Data extracts:
_ _ _ _ _
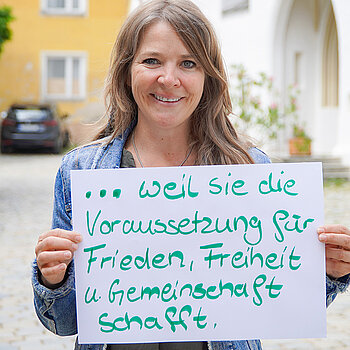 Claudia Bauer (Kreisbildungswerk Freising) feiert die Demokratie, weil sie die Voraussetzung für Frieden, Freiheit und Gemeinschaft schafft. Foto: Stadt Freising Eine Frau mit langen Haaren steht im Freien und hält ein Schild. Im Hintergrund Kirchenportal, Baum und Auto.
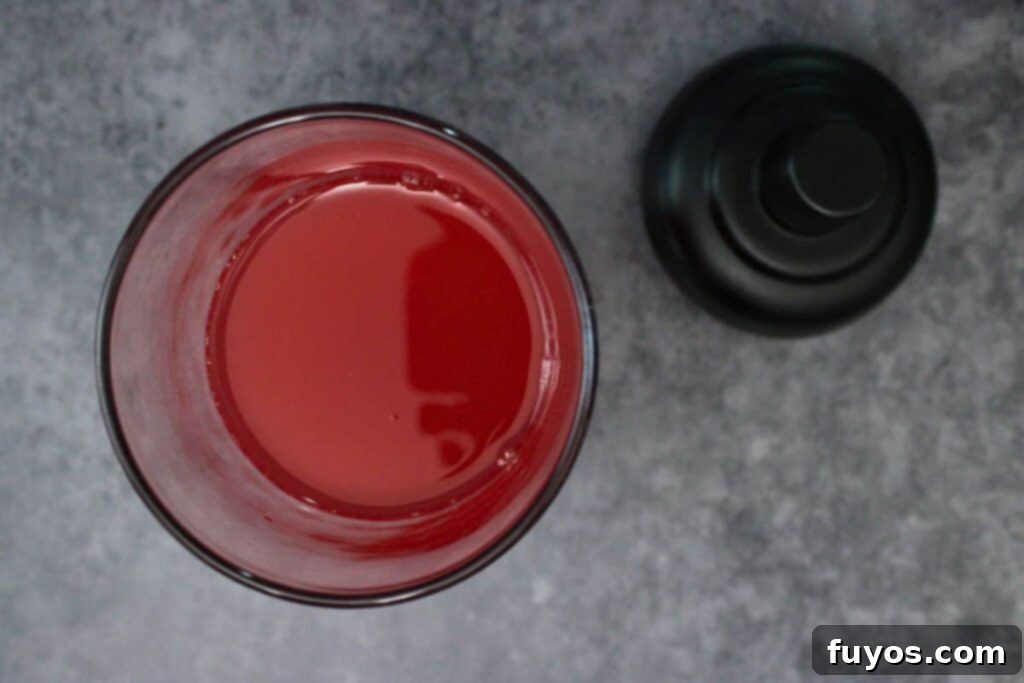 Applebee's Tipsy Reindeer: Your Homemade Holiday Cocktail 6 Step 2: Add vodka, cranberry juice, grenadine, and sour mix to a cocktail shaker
_ _ _ _ _
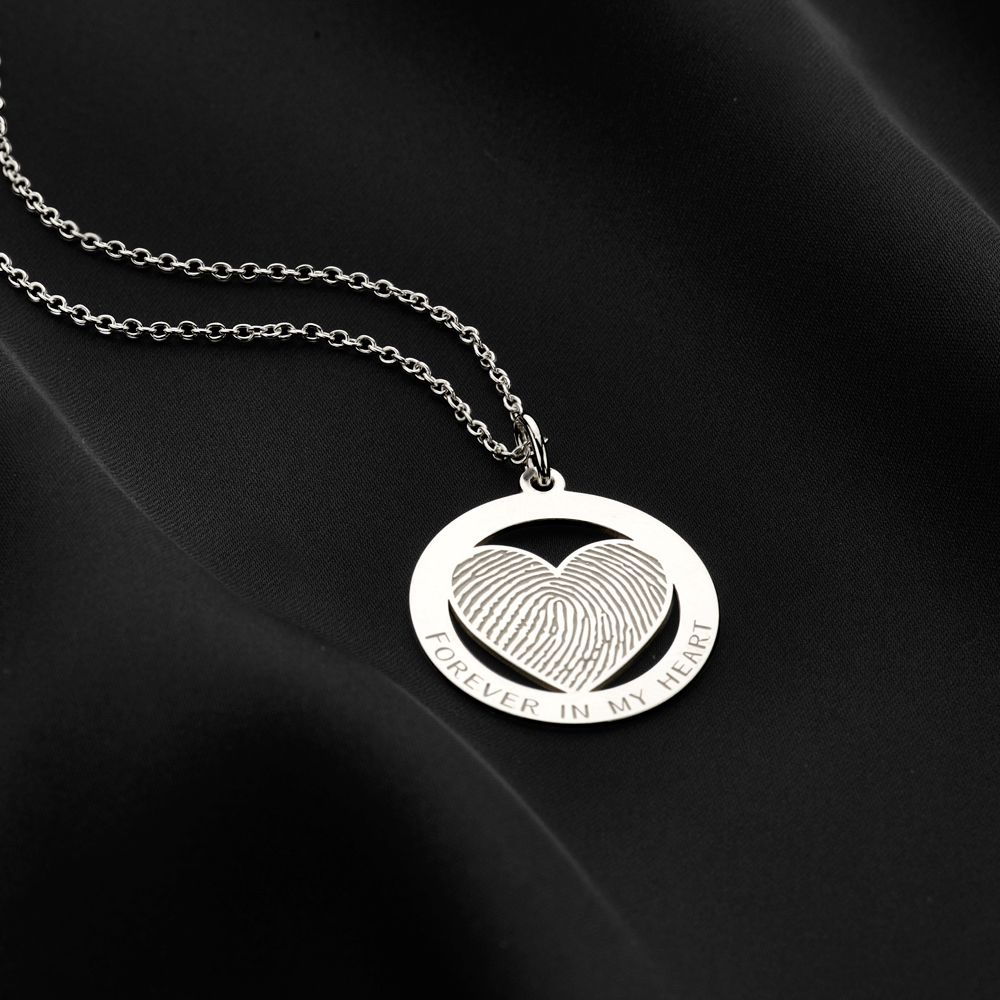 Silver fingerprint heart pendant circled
_ _ _ _ _
Task description: In the listing above, find the line holding "Claudia Bauer (Kreisbildungswerk" and the line holding "Applebee's Tipsy Reindeer: Your". Reproduce those two lines and all between them exactly, leaving out pictures.

Solution to this problem:
 Claudia Bauer (Kreisbildungswerk Freising) feiert die Demokratie, weil sie die Voraussetzung für Frieden, Freiheit und Gemeinschaft schafft. Foto: Stadt Freising Eine Frau mit langen Haaren steht im Freien und hält ein Schild. Im Hintergrund Kirchenportal, Baum und Auto.
 Applebee's Tipsy Reindeer: Your Homemade Holiday Cocktail 6 Step 2: Add vodka, cranberry juice, grenadine, and sour mix to a cocktail shaker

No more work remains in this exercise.